Cliffords refused to cease acting but when an application was made to the Court, the client went to a new lawyer.  One of Cliffords’ lawyers who had the file at Cliffords, Mr Zheng, had gone to Fumens Lawyers (still features prominently on Cliffords’ website though…) and the client went to the new firm where Mr Zheng again acted.

Worried that Mr Qwah would remain the master strategist puppeteer behind the scenes, the applicant sought an undertaking from him that he would not continue to provide assistance to the other party.  Mr Qwah, whom it was common ground might well be a material witness in the case, declined to give any such undertaking.  The applicant persisted with its application.  Sloss J enjoined Cliffords, a sole practice, from ‘from acting as solicitor for any of the plaintiffs and giving legal advice or advice on legal strategy to them in relation to this proceeding’ because:

  1. 61. In the present case, following service of the defendants’ application, the plaintiffs’ response was to engage Fumens Lawyers as their solicitor in place of Cliffords.  With the plaintiffs having chosen Fumens Lawyers to act for them, it is that firm, and no longer Cliffords, that has responsibility for the conduct of the plaintiffs’ proceeding before the Court.  In light of that election, no occasion arises for the Court to consider whether any inconvenience, cost or disruption is occasioned by the change of solicitor.
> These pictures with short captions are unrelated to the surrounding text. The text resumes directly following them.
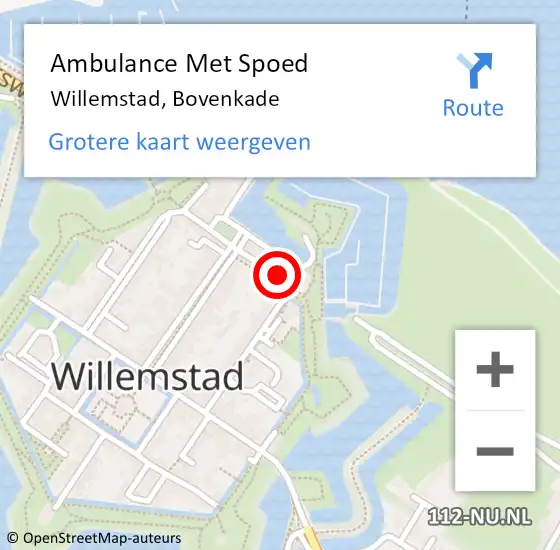 Locatie op kaart van de 112 melding: Ambulance Met Spoed Naar Willemstad, Bovenkade op 11 september 2018 11:49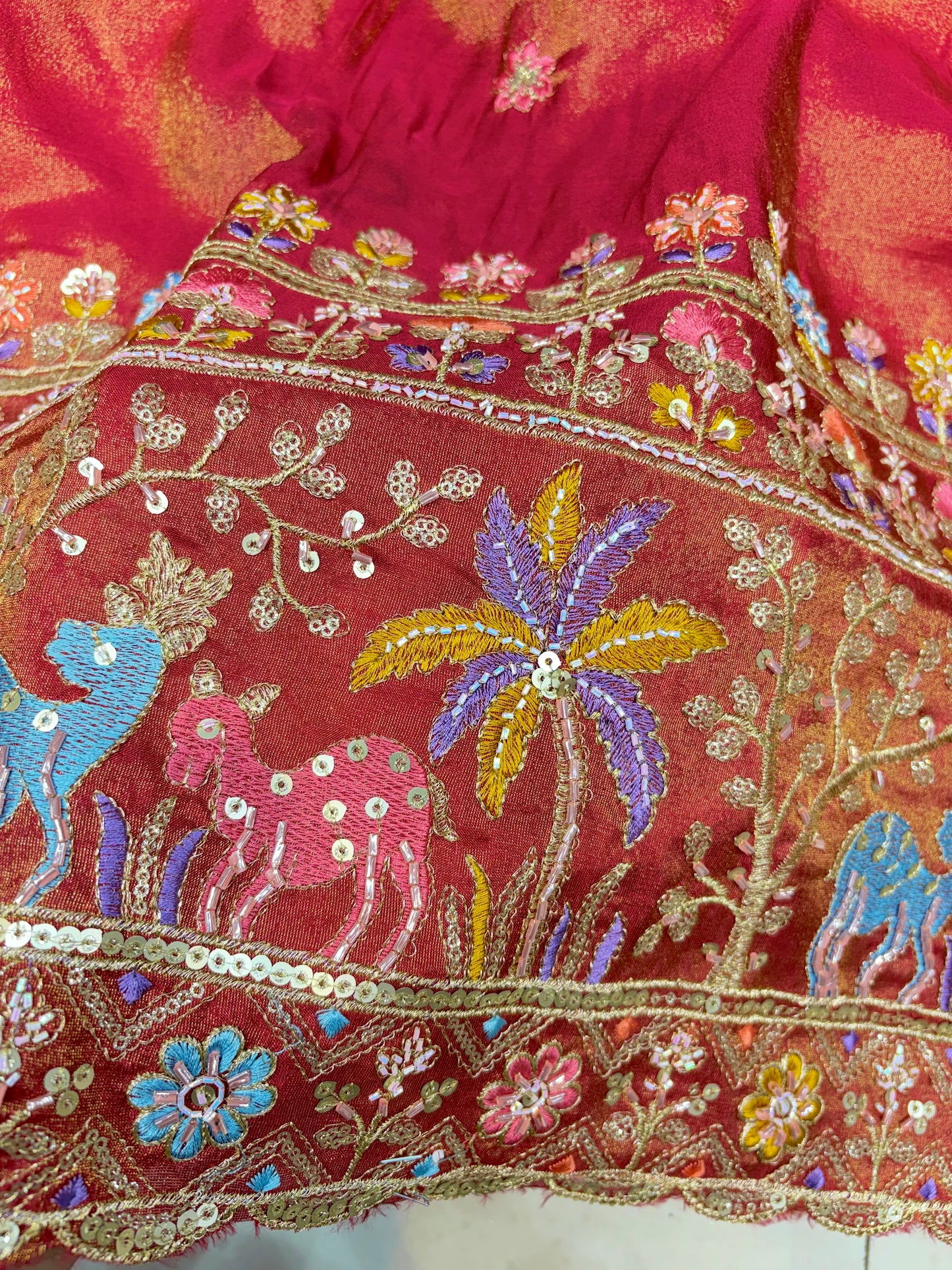 Royal Heritage Visco Tissue (Embroidered )Fabric ,lehanga,blouse, duppats , Inch 44-45 Width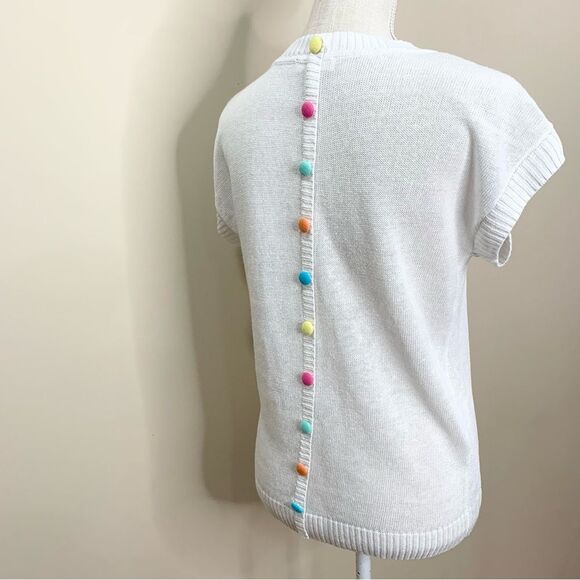 NWOT We by Living In Yellow Linen Button Back Short Sleeve Sweater Small - Picture 7 of 10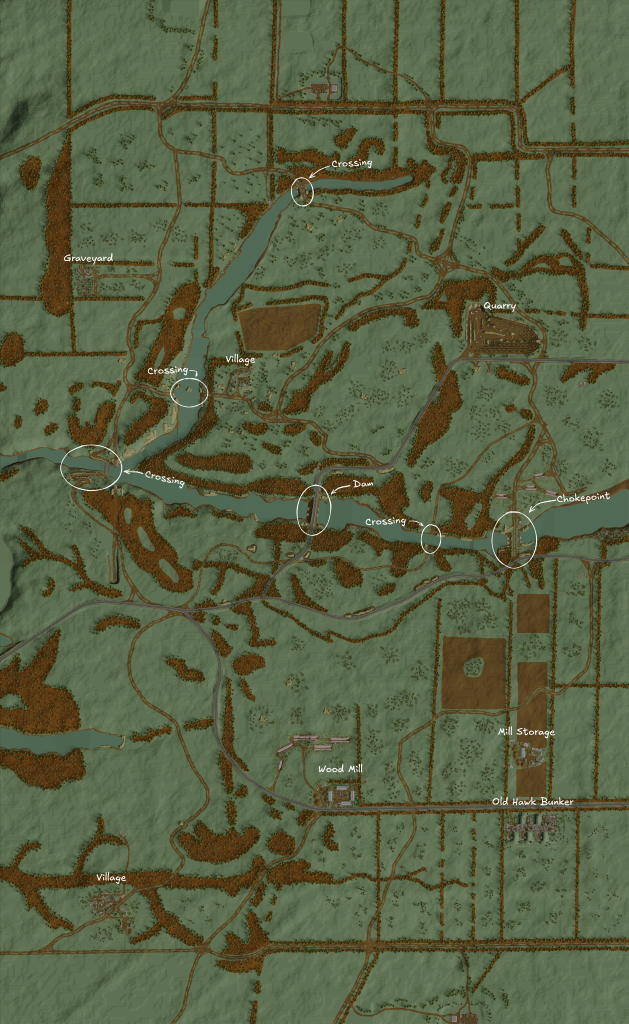 The Rohkstov map layout with its six capture points
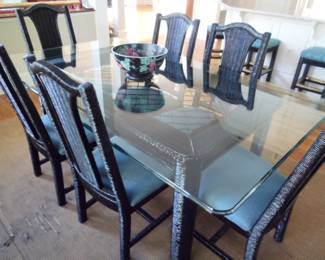 wicker table and 6 chairs
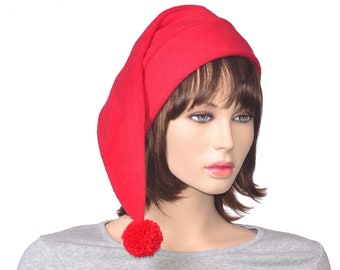 Red Stocking Cap Adult Fleece Holiday Hat With Long Tail Christmas Elf Hat Christmas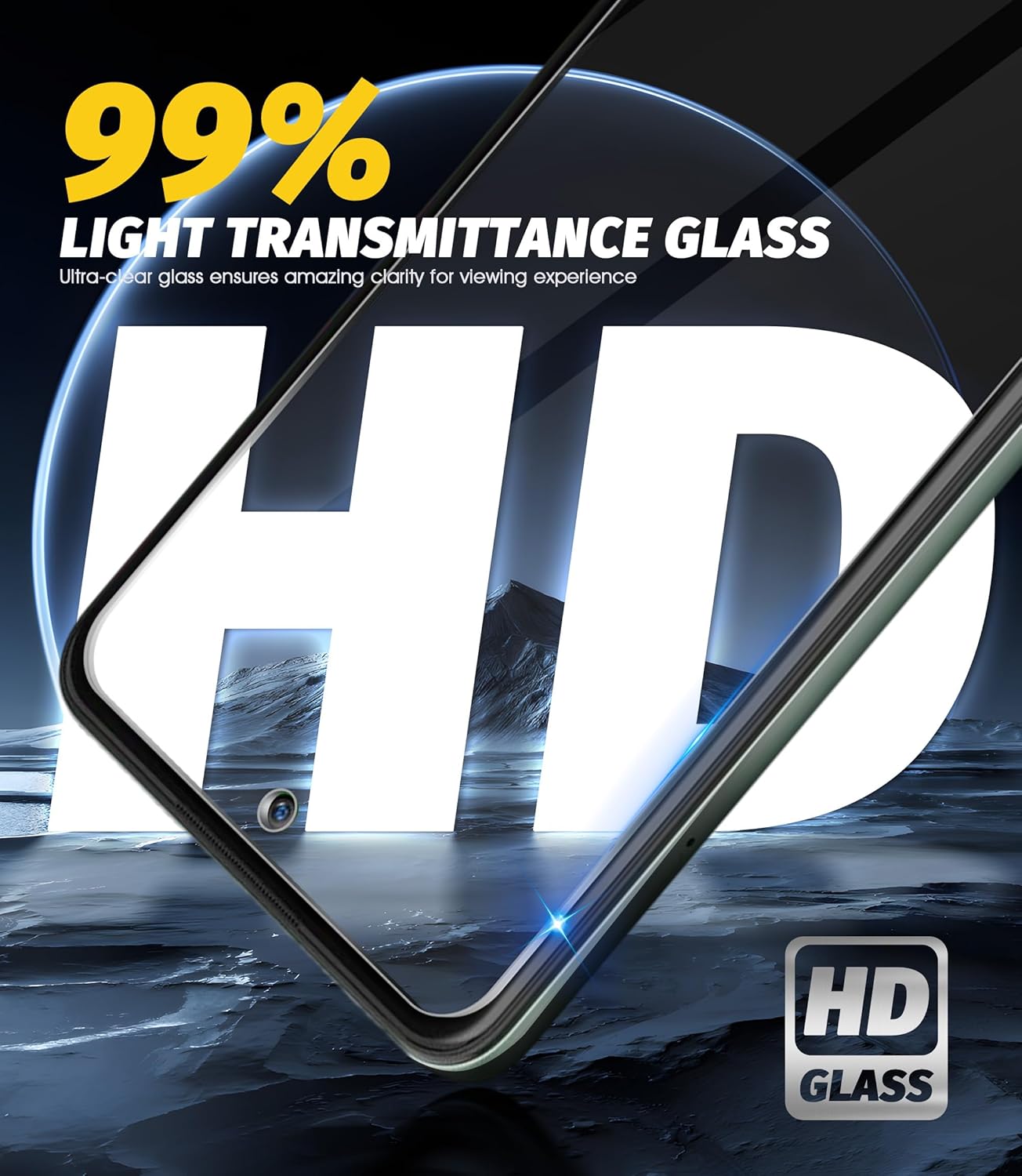 Orzero 3 Pack Tempered Glass Screen Protector for Cricket Outlast/AT&T Jetmore, HD Anti-Scratch, Bubble-Free, Precise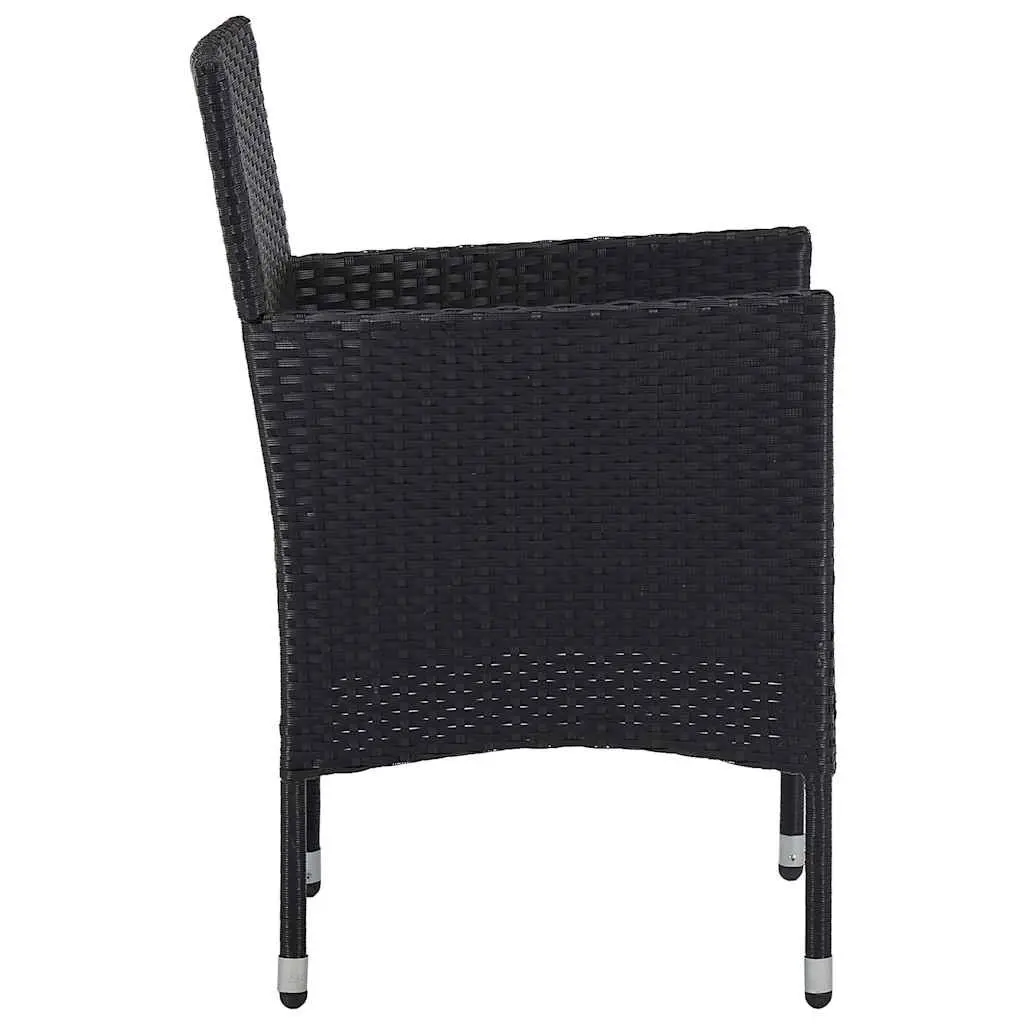 Black Poly Rattan 3 Piece Garden Dining Set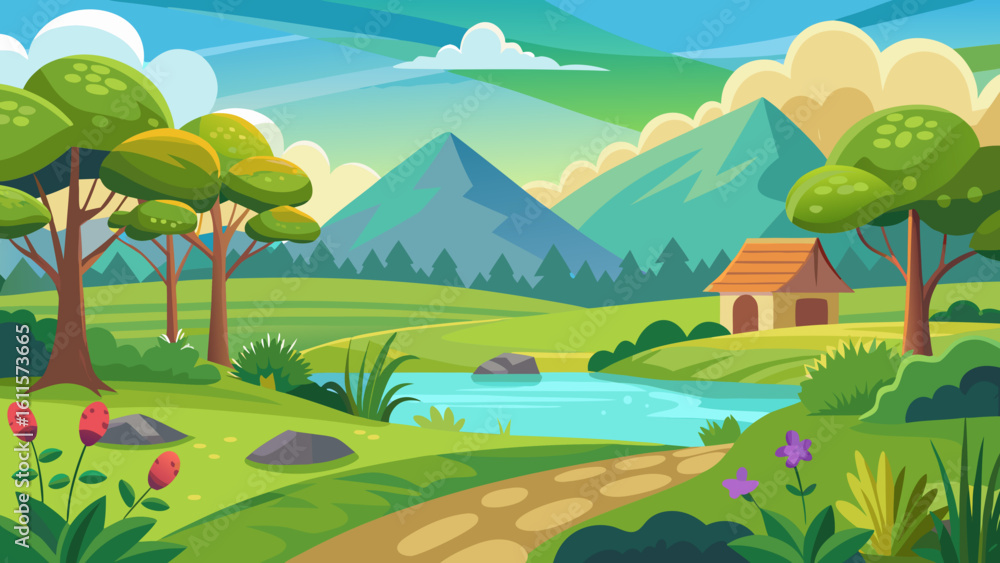 Fototapeta premium Vector art of a charming cartoon landscape showcasing rolling green hills, a serene river with a small house, and a winding path leading through the scenery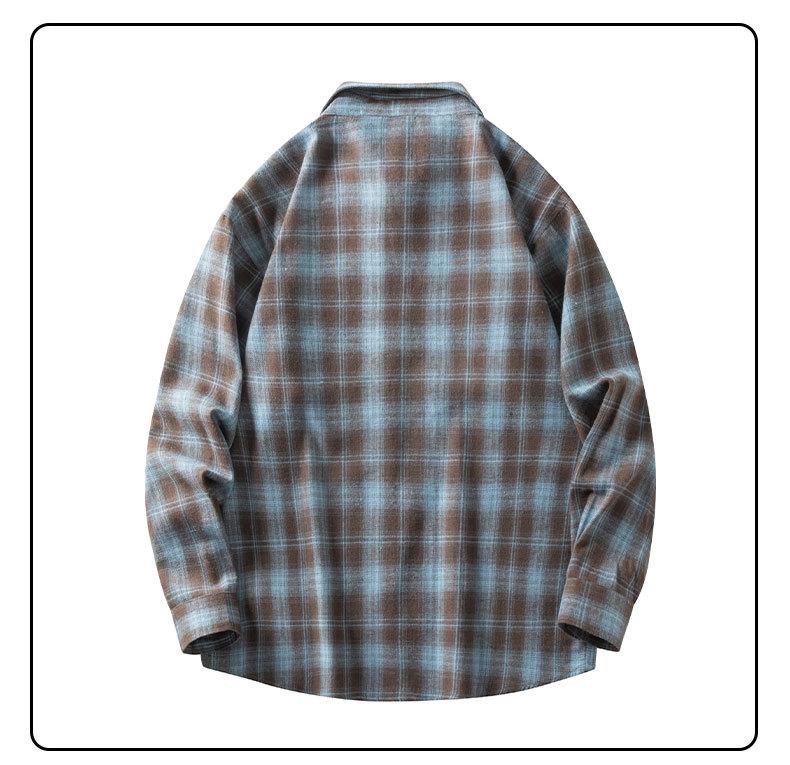 Men's Retro Plaid Long Sleeve Shirt - Casual Fashion Jacket for Autumn and Spring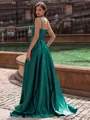 Resplendent A-line Straps Floor-Length Satin Prom Dress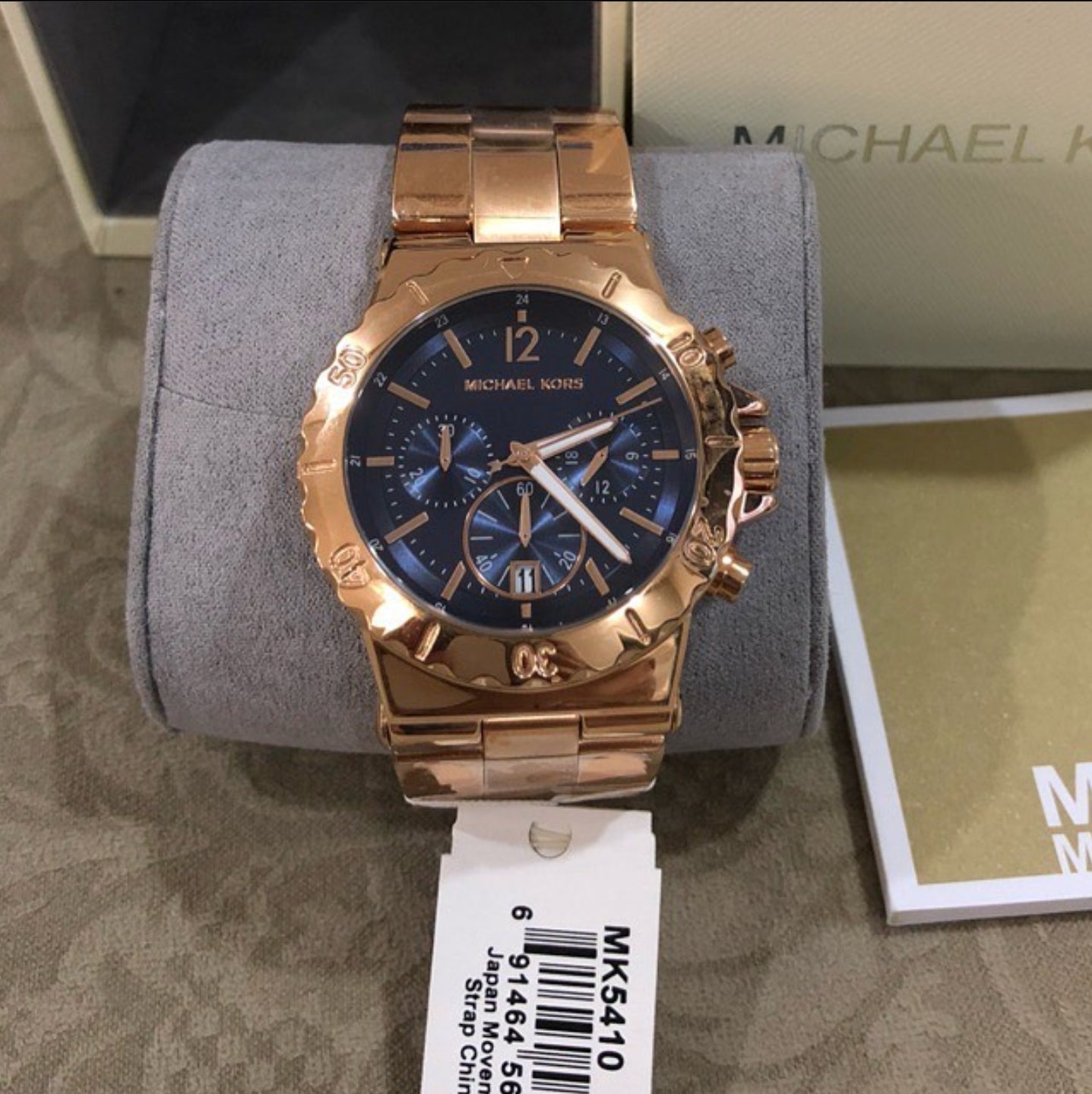 Michael Kors Bel Aire Blue Dial Rose Gold Steel Strap Watch for Women - MK5410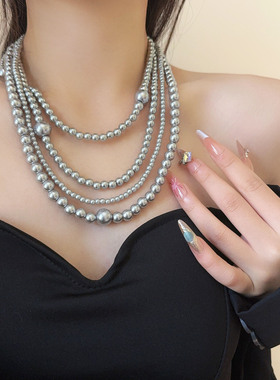 时髦设计多层灰珍珠串珠项链洋气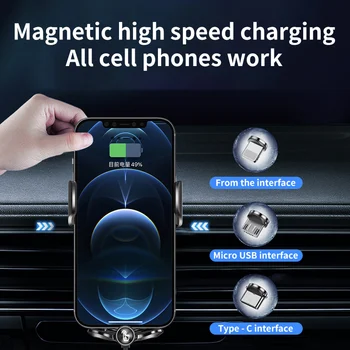 15W Kablosuz Araç Şarj Cihazı Otomatik Sıkma Hızlı Şarj Telefon Tutucu Dağı Araba iPhone 11 Huawei Samsung Akıllı Telefonlar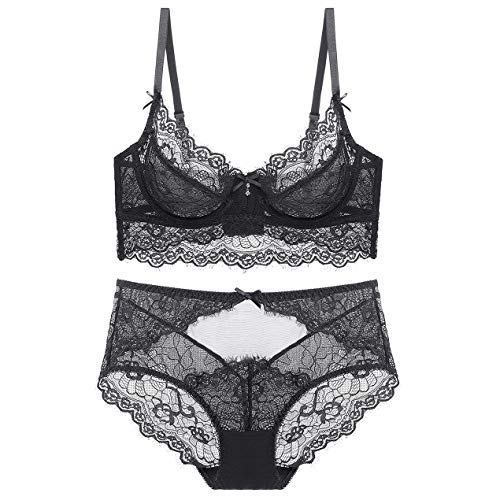Soutien-gorge push up lingerie fine femme et culotte broderie dentelle sexy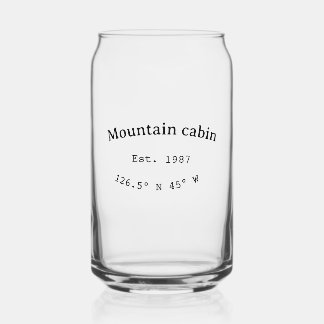 Vaso Con Forma De Lata Cabin de montaña añada fecha año coordenadas perso
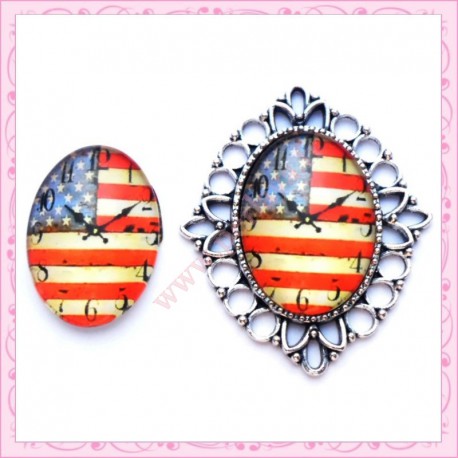Cabochon en verre oval 18x25mm horloge USA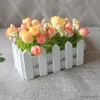 Planters Pots Set Wooden Fence Artificial Flower Set Raw Silk Artificial Flower Potted Living Room Decorative Flowers Small Bonsai Ornaments R230621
  1. 62. In my view, in circumstances where the plaintiffs’ response to the defendants‘ application was to engage Fumens Lawyers to replace Cliffords, a fair-minded reasonably informed member of the public would not accept that Cliffords, and in particular Mr Qwah, having gone off the record in the proceeding, could thereafter perform a role in the background so to speak, as a sort of de facto solicitor for the plaintiffs and continue to provide legal advice or advise them on legal strategy.
  1. 63. On the material before the Court, and having regard to the submissions made at the hearing, it seems clear that unless restrained from doing so, Mr Qwah proposes to continue to provide legal advice to the plaintiffs or advise them on legal strategy on either a paid or unpaid basis.  In my view, were he to do so, there is a real risk that the integrity of the judicial process would be undermined.  Further, in circumstances where Mr Qwah has asserted a personal financial interest in the business conducting the Gong Cha stores the subject of the proceeding and is alleged to have made threats to the second defendant and his family, which he denies through his employee solicitor, Mr Qwah does not possess the objectivity and independence which his professional responsibilities as a solicitor and his concurrent obligations to the Court require of him.  This affords a sufficient basis for the grant of injunctive relief.’